Owing mainly to the marginalization of the majority of the people under apartheid, South Africa has a history of an active and politically conscious citizenry. However, the dawn of freedom and democracy in 1994, led to politically complacency that demobilized society as a whole. Trusting in the new South African government, the active and politically active citizenry relaxed created an organizational vacuum in society. However, once the nation noticed that governing structures were being disabled to serve the interests of a few, we observed the upsurge in civil society activism in recent times.

Former activists who have been watching the developments with great concern have decided that enough is enough. The civil society giant that was asleep for over two decades is awakening. In recent times we have observed the re-emergence of a dynamic civil society reminiscent of the apartheid days.  At various corners of South Africa we saw Freedom under Law, Council for the Advancement of the South African Constitution (CASAC) and Corruption Watch amongst others being formed to guard our precious democracy. The Nkandla debacle, Nenegate, the attack on Treasury and how the governing party managed it, pushed more citizens to come back from activism retirement. We saw more civil society organisations emerging like South Africa First, Save South Africa, Coalesce, Johannesburg Against Injustice and Active Citizens Movement (ACM).

ACM is a civil society organisation that was initiated by former activists of the progressive democratic movement, namely, the United Democratic Front (UDF), The African National Congress (ANC), South African National Students Organisation (SANSCO) amongst others. These are activists who do not harbour any ambitions of occupying positions in government or parliament. They are compelled by their civic duty to save the country from descending into chaos. They were active in the struggle when the benefits of activism were prison and death. Here we count stalwarts like Ella Gandhi, Prof. Jerry Coovadia and Judge Thumba Pillay.
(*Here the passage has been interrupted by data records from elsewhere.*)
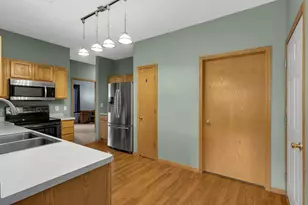 7407 Derby Ln, Shakopee, MN 55379 - Photo 15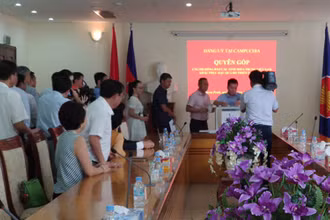 Quyên góp ủng hộ đồng bào miền trung, sáng 20-10.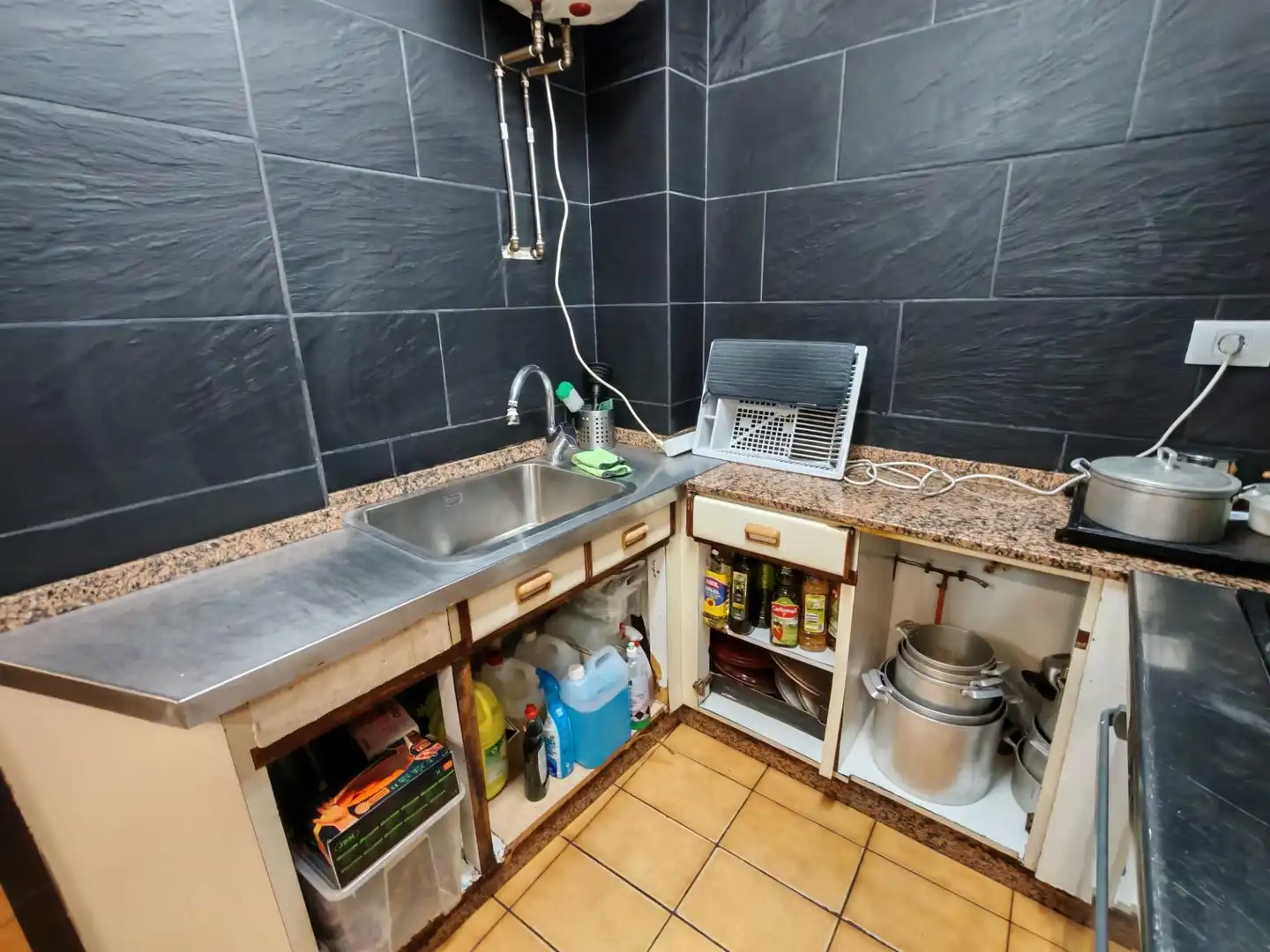 Cuina de Local de lloguer en Vigo 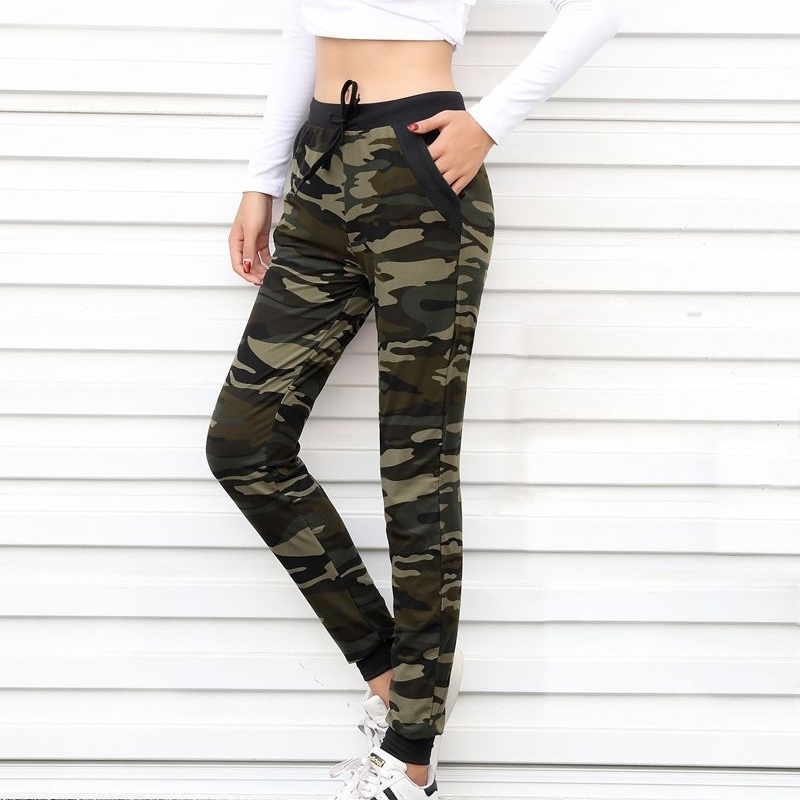 

RYLANGUAGE Camouflage Joggers Women Sweatpants Harem Camo Pants Drawstring Pantalones femme Mujer Female High Waist Pocket Tight 201119, Leopard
The three objectives of the ACM is to create a caring state; hold government and public representatives accountable; and give back power to the people through their active participation in governance. All sectors of our society are covered for example, education, law, health, finance. Hence the ACM is collaborating with like-minded civil society organisations to push against the capture of the Treasury. This push will be displayed with the support that will be given to Pravin Gordhan, Ivan Pillay and Oupa Magashule when they appear in court in Pretoria on 2 November 2016.
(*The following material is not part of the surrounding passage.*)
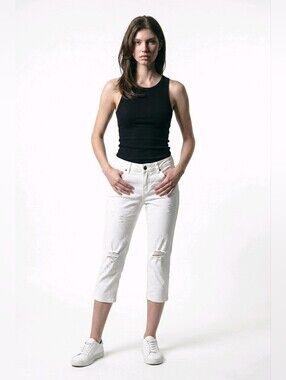 Suko distressed skinny denim capris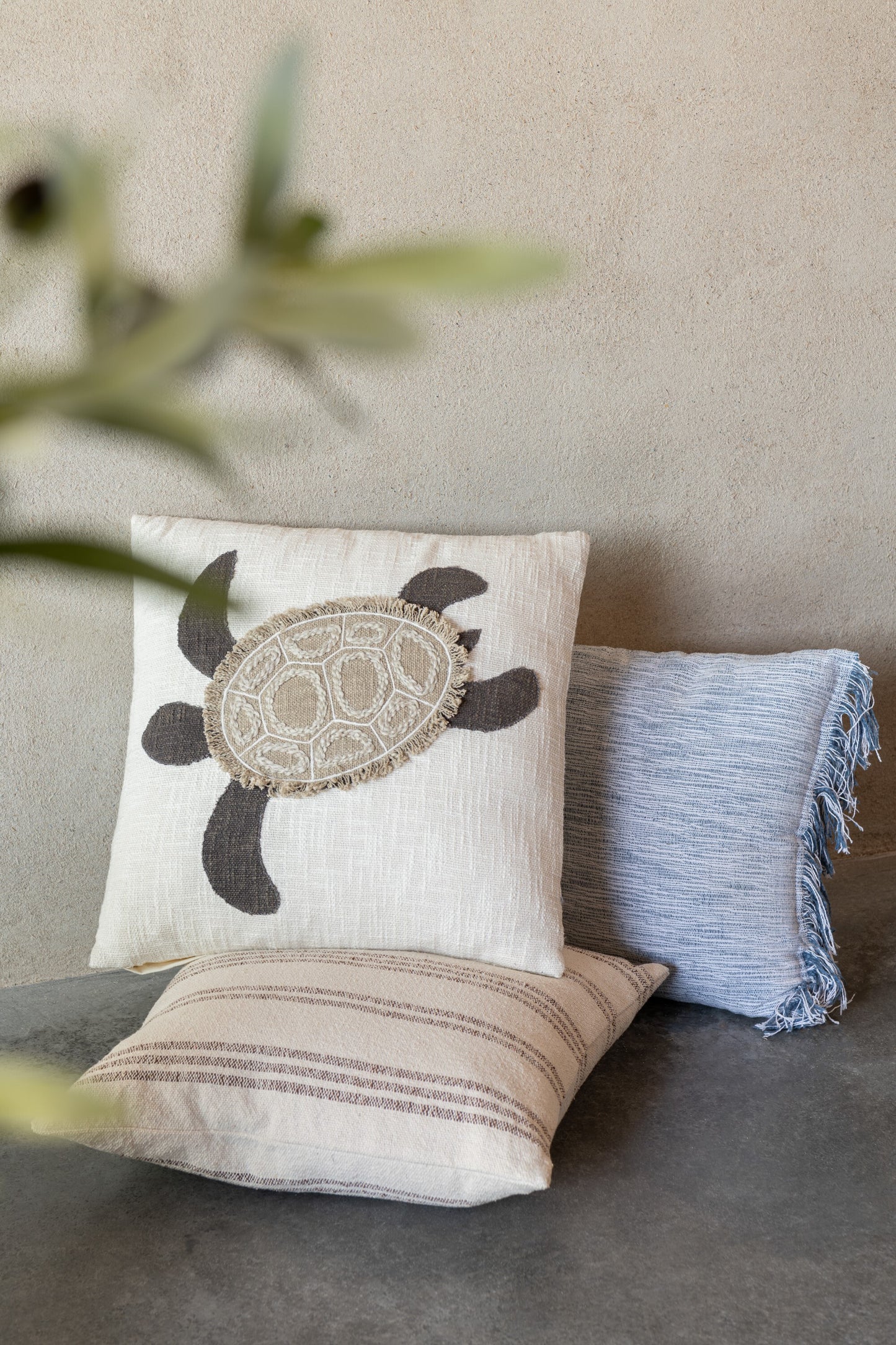 CUSHION TURTLE COTTON WOOL MIX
A number of protest actions have been organised all over the country with the main action in Pretoria. Durban, being the birth place of the ACM, is also hosting a big protest action at Gugu Dlamini Park on 2 November 2016 from 08h00 until 11h30. It is also facilitating and supporting other protest actions that are currently being held as a build up to 2 November 2016 and some will be held in other parts of KwaZulu-Natal (Pietermaritzburg, Port Shepstone) on the same day, 2 November 2016.